Başka bir göstergeye gerek yoktur.
Üç darbe, çok sayıda başarısız ihtilâl girişimi ve nihayet bir post modern darbe süreci ile demokrasiye karşı direnmiş bir cumhuriyetimiz var.
Ve bu Cumhuriyetin sorun çözme yeteneği gelişmemiş. Ancak kriz üretiminde oldukça mahir...
Ve bu Cumhuriyet hâlâ resmî ve buyurgan bir kesim tarafından millete karşı bir töhmet unsuru olarak gösterilebiliyor.

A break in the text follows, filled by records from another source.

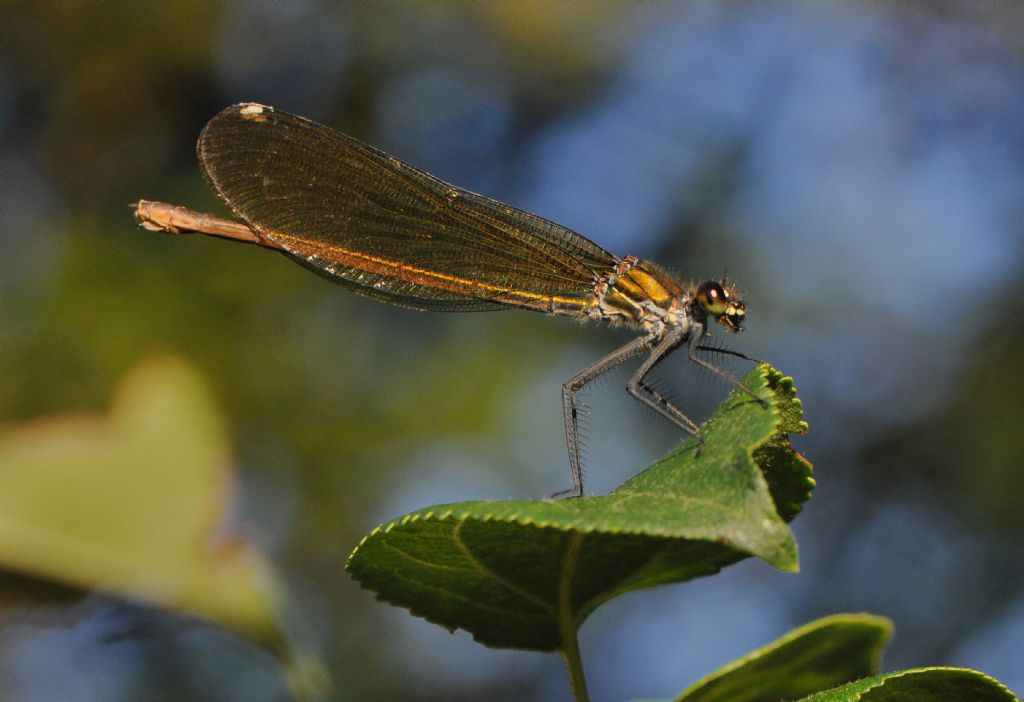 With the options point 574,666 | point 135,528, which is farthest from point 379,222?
point 574,666

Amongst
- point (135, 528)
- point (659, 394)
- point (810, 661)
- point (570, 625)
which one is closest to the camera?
point (570, 625)

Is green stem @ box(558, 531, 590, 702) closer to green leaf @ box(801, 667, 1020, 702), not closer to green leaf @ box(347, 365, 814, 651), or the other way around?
green leaf @ box(347, 365, 814, 651)

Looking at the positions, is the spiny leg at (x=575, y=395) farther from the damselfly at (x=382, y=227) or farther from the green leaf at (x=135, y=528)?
the green leaf at (x=135, y=528)

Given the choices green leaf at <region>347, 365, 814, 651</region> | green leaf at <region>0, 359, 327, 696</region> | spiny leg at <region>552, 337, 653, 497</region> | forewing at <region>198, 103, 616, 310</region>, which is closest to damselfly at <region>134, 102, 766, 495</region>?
forewing at <region>198, 103, 616, 310</region>

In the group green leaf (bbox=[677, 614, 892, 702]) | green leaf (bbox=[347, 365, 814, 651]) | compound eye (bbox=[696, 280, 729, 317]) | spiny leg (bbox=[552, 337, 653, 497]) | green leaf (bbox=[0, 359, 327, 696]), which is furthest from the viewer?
compound eye (bbox=[696, 280, 729, 317])

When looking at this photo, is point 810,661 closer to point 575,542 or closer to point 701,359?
point 575,542

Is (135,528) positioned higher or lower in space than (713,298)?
lower

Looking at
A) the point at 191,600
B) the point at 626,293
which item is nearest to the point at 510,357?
the point at 626,293

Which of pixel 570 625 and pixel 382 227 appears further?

Anıtkabir’e gidenlerin çokluğu, gitmeyenlere karşı bir gövde gösterisi olarak takdim ediliyor, birileri ilk bulduğu fırsatta Cumhuriyeti yıkacakmış gibi bir ithamla yaşatılmak isteniyorsa, 83 yaşın verdiği olgunluğa rağmen, evlâtlarını, torunlarını, çocuklarını, gelinlerini, yakınlarını kucaklayamıyor demektir. Bizim cumhuriyetimiz biraz asabî ve huysuz ihtiyarı andırıyor. Kendisini sevip kucaklamak, dizine oturup, sakalını sıvazlayıp, hayat bulmak isteyenlere karşı hoşgörülü değil.
180 ülke arasında hayat standardımız 90. sırada. Bırakın cumhuriyetin ilk devirlerini. Elbette ki bu ülke kurtuluş savaşının küllerinin arasından doğdu. Ancak o külleri de bir türlü üzerimizden atamadığımız bir vakıa.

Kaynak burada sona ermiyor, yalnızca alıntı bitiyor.